Convencida pelos amigos de que pior do que pegar um coletivo para ir à lavagem do Bomfim é o arrependimento por não ter ido, arrasto meu corpo de baiana em direção ao ponto de ônibus no Campo Grande, com minhas amigas. Porque dirigindo meu carro seria impossível, e eu queria testar minha baianidade.

Lá encontro uma enorme fila pontuada de roupas brancas, devotos cúmplices na certeza dos pecados que irão cometer e, por isso mesmo, pagando com antecedência uma penitência para obterem o perdão de Oxalá – pegar um ônibus em Salvador!

Após longa espera, chega o “humilhante” que permanece de portas fechadas ou “fazendo horário”. Contudo, ninguém reclama, porque baiano não se importa, quer mesmo é chegar devagarzinho, que é para não cansar.

Dentro do ônibus apinhado, eu e minhas amigas, de pé tentando nos livrar dos homens que passavam querendo “fazer terra”, quando percebo todos amedrontados. Entrou uma criança negra, descalça e sem camisa. O pobre garoto levantou as mãos mostrando umas cédulas, como se dissesse, calma gente, tenho dinheiro.

De repente o “buzu” parou no ponto das Mercês. Entre atritos de corpos( esfrega o jornal censura), algumas pessoas espremidas saltaram. O ônibus vai saindo e, de repente, estanca, atendendo um pedido na calçada. Alguém saltou, mas perdeu a amiga dentro do ônibus e grita: Vera! E todos passam a gritar em coro: Vera! Vera!

Passado um tempão, ouve-se o balançar do molejo de um corpo e um sussurro: “Ôxente, gente, que pressa é essa, já to indo”. Isso, só se vê na Bahia ....

Após sufocos e suores, ah! os cheiros baianos, saltamos na Praça Castro Alves e descemos a ladeira da Conceição da Praia, onde nos benzemos. Ao chegar ao Mercado Modelo, um jornalista sueco indaga, “Como é viver na Bahia? Respondo que temos uma vida horrorosa, pois caímos na gandaia desde 04 de dezembro, Dia de Santa Bárbara, e só paramos nossa maratona de festas no Carnaval. E ele pergunta: “E depois?” E eu, prontamente: “Aí passamos o resto do tempo descansando, porque afinal baiano não é de ferro.”

Adiante, na Associação Comercial da Bahia, sou apresentada ao gaúcho Jacaré, autor do conhecido “Manual do Machão”, que apoiados pelos cúmplices baianos, disserta sobre os direitos da mulher. Artigos: 1º. Mulher não tem direito algum. 2º. Em caso de dúvida consulte o artigo 1º. E ,ao meu ouvido, ele sussurra que mulher boa é mulher feminista, porque quanto mais ódio melhor (Em plena Lavagem....).
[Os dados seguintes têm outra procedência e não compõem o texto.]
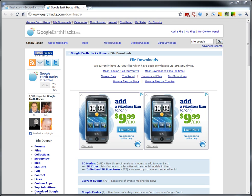Over the years, users have submitted a ton of files to Google Earth Hacks. We've got a total of just shy of 28,000 files that have been viewed over 21 million times.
E voltar para casa? O ônibus saiu da Colina Sagrada às 18 h e aportou no Teatro Castro Alves às 22:20! No percurso, as pessoas saltavam, almoçavam, bebiam, iam ao banheiro, namoravam nas calçadas e depois voltavam para o mesmo ônibus ainda preso no engarrafamento. Passaram a constituir uma grande família, todos íntimos como só baiano sabe ser, trocavam endereços e telefones, acertavam batizados, feijoadas, liderados pelo patriarcado do motorista, que chamava - “Vem fulano, tô arrastando o carro!” “Chama fulana na casa azul, ela foi verter água!” Ôi, meu, naquela barraca tem uma geladinha”

A viagem quase acabou na metade do percurso, porque o motorista pagou picolé para todos e implorou que voltassem andando para suas casas, enquanto ele recolheria o veículo.

O pacto já estava quase consumado, quando, sem nada entender dois argentinos, cozidos pelo sol, balbuciavam moribundos: “Nosotros desejamos la muerte!” No que foram apoiados por uma senhora gordinha: “Para onde o senhor for, até mesmo para sua casa, eu vou também. Daqui não saio!


E não saiu.

Minha gente, já ia esquecendo! Na confusão da lavagem da escadaria da Igreja do Bomfim, um homem gentil me emprestou um lenço para enxugar o suor. A quem possa interessar, procuro o Cinderelo que perdeu o seu lenço na Lavagem (Aceita-se recompensa).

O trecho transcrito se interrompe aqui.